It has issued grants to more than 4700 recipients since 2017.
Callaghan Innovation chief executive Stefan Korn said the grants were paid out on a reimbursement basis, so the companies had already spent the funds on research and development (R&D) before they were reimbursed from Callaghan Innovation.
Callaghan Innovation's core purpose was to support and promote the development of early stage, high-risk and R&D-intensive businesses.
“By definition this means that quite a few of these companies will fail and others will go on to create the high-wage, low-emissions jobs Aotearoa New Zealand needs,” Korn said.

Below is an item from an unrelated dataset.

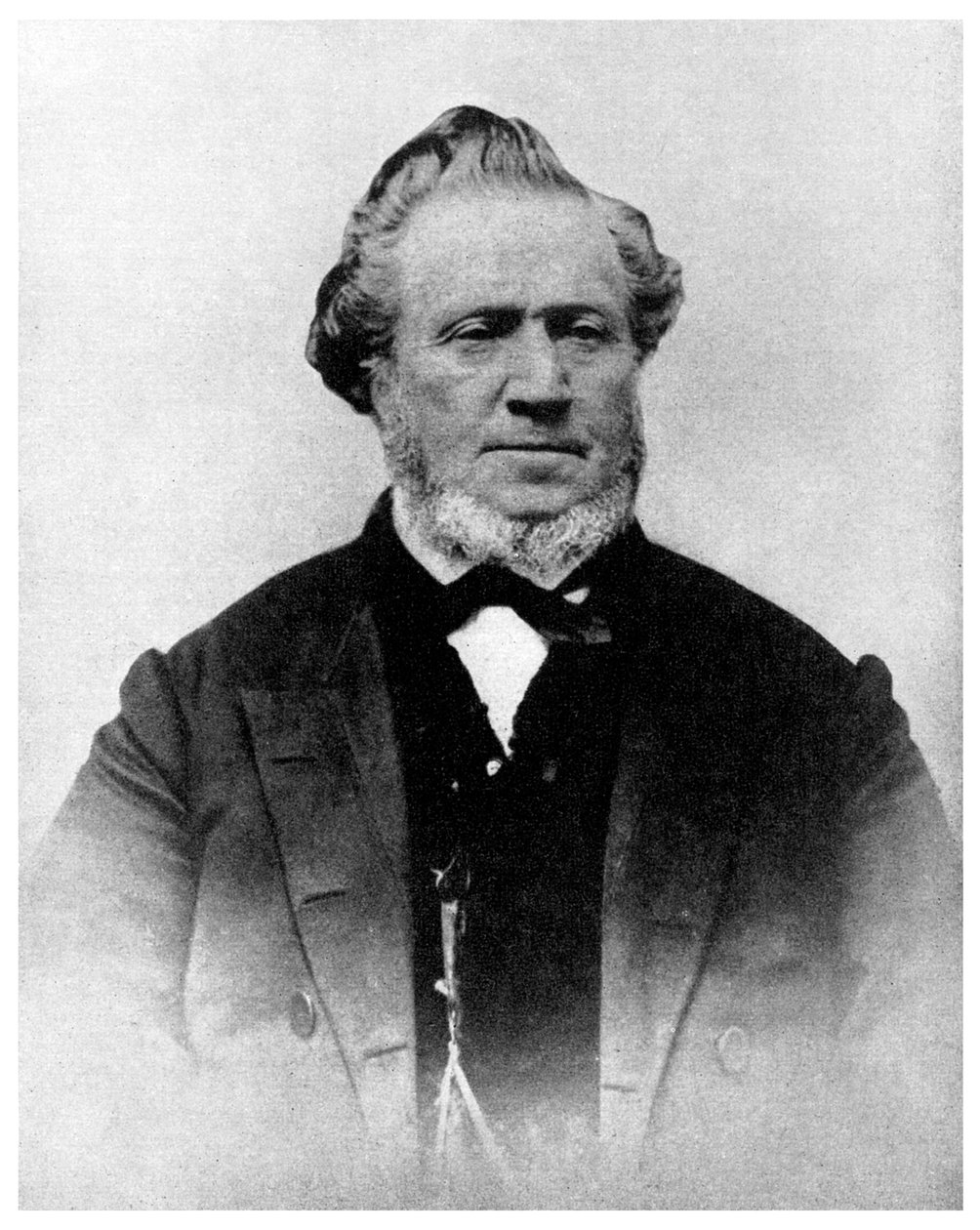 Brigham Young, amerikai mormon vezető, 1956. századi 19. század alkotó: Unbekannt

“This is not a failure of the programme, but the reason it exists, and the benefits of this use of funds far outweighs the risks.”
Recovering grant money from companies going into liquidation was dependent on the insolvency practitioners’ efforts to realise the assets of the company, he said.
“If enough money is recovered to make payments to unsecured creditors, Callaghan Innovation will receive its appropriate share.”
But ACT spokesperson James McDowall said it was a waste of taxpayer money.
“A successful economy is one in which resources flow to their most valuable uses. Taxing successful businesses and giving it to unsuccessful businesses only makes us poorer,” he said.
He said the schemes and grants represented attempts by ministers to “pick winners”, but instead undermined market incentives and glamourised projects over those which could “generate real economic growth”.